Work instructions: Print nothing but the lines below starting at the line that holds "Coach Signature C" and ending at the line that holds "HUGO polo męskie", including both, each exactly as written.

Records for the exercise:
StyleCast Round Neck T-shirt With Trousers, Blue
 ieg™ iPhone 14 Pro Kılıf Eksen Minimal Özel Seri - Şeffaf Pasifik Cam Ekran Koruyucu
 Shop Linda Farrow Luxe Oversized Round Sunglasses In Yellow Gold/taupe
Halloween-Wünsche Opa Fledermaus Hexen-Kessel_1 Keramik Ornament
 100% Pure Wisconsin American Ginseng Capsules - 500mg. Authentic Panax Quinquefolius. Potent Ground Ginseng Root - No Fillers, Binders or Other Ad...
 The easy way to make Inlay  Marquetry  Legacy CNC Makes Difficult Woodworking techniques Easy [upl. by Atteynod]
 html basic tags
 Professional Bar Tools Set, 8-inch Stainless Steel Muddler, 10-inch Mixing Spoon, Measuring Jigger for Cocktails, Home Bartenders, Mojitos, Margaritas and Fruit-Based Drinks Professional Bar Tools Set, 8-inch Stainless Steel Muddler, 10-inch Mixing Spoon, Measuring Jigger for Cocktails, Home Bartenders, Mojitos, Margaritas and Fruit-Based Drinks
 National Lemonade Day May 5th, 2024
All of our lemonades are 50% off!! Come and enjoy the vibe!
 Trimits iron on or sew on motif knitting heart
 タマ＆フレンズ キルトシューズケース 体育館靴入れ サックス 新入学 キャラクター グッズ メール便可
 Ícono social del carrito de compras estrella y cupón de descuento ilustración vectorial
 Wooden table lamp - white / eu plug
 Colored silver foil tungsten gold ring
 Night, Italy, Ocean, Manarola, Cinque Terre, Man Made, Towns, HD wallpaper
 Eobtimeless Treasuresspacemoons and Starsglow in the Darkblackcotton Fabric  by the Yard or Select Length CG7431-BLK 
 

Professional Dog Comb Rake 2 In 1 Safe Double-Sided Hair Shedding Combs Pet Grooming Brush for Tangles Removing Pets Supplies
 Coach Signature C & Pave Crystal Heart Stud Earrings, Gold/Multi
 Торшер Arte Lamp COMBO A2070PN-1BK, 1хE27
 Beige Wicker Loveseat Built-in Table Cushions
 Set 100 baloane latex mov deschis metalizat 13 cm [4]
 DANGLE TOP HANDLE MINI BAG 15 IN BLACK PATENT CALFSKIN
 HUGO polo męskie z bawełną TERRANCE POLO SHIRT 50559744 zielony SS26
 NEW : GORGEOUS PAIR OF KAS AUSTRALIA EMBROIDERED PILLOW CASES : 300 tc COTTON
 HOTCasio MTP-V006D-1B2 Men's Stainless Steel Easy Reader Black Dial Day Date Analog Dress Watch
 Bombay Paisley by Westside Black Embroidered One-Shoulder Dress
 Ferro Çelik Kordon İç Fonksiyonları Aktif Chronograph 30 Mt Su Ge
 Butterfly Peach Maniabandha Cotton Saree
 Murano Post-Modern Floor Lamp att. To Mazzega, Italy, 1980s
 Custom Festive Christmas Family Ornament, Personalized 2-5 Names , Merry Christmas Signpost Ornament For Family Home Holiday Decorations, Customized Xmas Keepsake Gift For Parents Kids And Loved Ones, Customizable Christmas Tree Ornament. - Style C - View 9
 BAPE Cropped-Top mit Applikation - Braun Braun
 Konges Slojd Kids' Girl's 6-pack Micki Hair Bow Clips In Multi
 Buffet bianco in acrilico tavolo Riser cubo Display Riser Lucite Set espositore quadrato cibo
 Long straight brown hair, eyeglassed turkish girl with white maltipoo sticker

Result of the task:
 Coach Signature C & Pave Crystal Heart Stud Earrings, Gold/Multi
 Торшер Arte Lamp COMBO A2070PN-1BK, 1хE27
 Beige Wicker Loveseat Built-in Table Cushions
 Set 100 baloane latex mov deschis metalizat 13 cm [4]
 DANGLE TOP HANDLE MINI BAG 15 IN BLACK PATENT CALFSKIN
 HUGO polo męskie z bawełną TERRANCE POLO SHIRT 50559744 zielony SS26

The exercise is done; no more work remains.